Which is alright. That's a real, authentic person he's wormed his way into, and that's cool. I may have been that guy a little bit. And don't get me wrong: I think Samberg NAILED that low-self-confidence, self-deprecating character exceptionally well. But for me, it just isn't comically fertile. It sort of felt like a "neat idea, I'll pass on the 15-minute version though" improv character from Comedy Bang Bang. Also, Samberg's set was surely unconventional, but in my view it was unconventional to a fault. To wit: There wasn't 
any convention, to the point where there wasn't any context, to the point where there was never even enough structure to serve as set-up. And without a good set-up it's hard to deliver punchlines. Yin and yang, figure and ground, etc. It's hard to fault the late-night-and-CBS-sitcom viewer who doesn't get what he's trying to do. And, if I do say so myself, it's hard for you to fault me for not finding it funny, at least if you're me, which you're not, unless you're me writing or proofreading this, but then you're not my intended audience and I shouldn't address you specifically, but I did, because I'm self-absorbed... well, not really self-absorbed; it's more like I'm self-aware and prone to lapses in self-control whose product (this sentence) I will later defend in a much more lucid and sober state.

Anyway, so: Also, Samberg hams it up to the extent that anyone who doesn't "get it" has never paid attention to comedy seriously (even as a novice). He says "Who's my next VICTIM?" so obviously and on-the-nose that anyone with any experience with auditoriums or lectures! knows exactly where he's going to the point where the rest of his set becomes obvious. So much for the subversive angle, YouTube commenters - this is no more subversive than a talk-show host acknowledging writers! 


And from a delivery angle, Samberg's set works as solid improv, and he's a capable comic actor. But this set doesn't work as self-contained improv, and shows why great improv usually has a straight man/woman/child/sentient-humorless-computer to play off of. Compare (again, they're different sets, but) with Norm's subtle, perfectly-sincere delivery of old chestnuts that would've been tame in the 1920s. It doesn't require a straight man because the absurdity is front and center, and so is the context! The figure and the ground are given and so we can adjust our focus properly.
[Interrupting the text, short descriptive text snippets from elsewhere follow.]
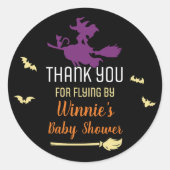 Hocus Pocus Circle-Sticker Ronde Sticker (Voorkant)
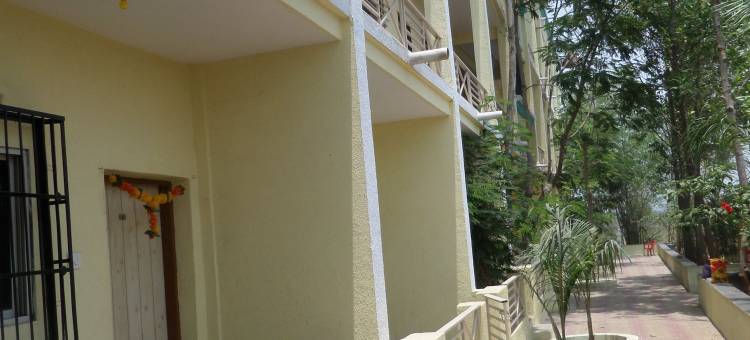 奥姆赛乔鲁特拉艾肯住宅酒店(Hotel Om Sai Chattra Icon Residency)图片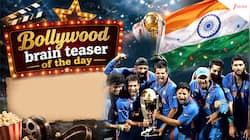 Brain teaser of the day: Which 2016 film showed India's 2011 World Cup win?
Even if comedy is simply about refocusing our mind's eyes in absurd, impossible, or otherwise just-plain-clever ways, there ought to be something sharp in sight by the end, after we've been squinting for a few minutes. Otherwise, whether the comedy is funny becomes bound up in faith, mysticism, and, above all, the social guard rails of a million hipsters lined up along Highway 1 to prevent anyone's opinions from going too far out of bounds. Nah. For me, there has to be a "there" there, as they say. Otherwise we're all the Jimmys Fallon of our particular circle of favored entertainers and humor becomes simply the tautological province of assumed-funny people. Sets have to bomb sometimes so we can rebuild them. Well, then, shouldn't it be "sets have to be bombed so we can rebuild them"? Why isn't it "that set really was bombed [by the audience]"? And why do we park in driveways, anyway? And above all, sets need to be grounded in a clear vision, even if the vision is quite inconsistent, screwy, and even kinda stupid. Samberg's vision was smart but it was out-of-focus, blurry, and never fully communicated a great comedic image to the audience.

I loved "Hot Rod" and some Lonely Island stuff and generally I've seen stuff by Samberg that's great, but this set just bugs me, and I had to say something, something which is even less entertaining than I find the original set. I get it, but I can't get into it. Different strokes for different folks. And the dark roast/barista joke was solid, Andy.

Anyway, I'm off to unsuccessfully vivisect some frogs by explaining jokes to them until they die. It's my party trick. I'm not great at parties.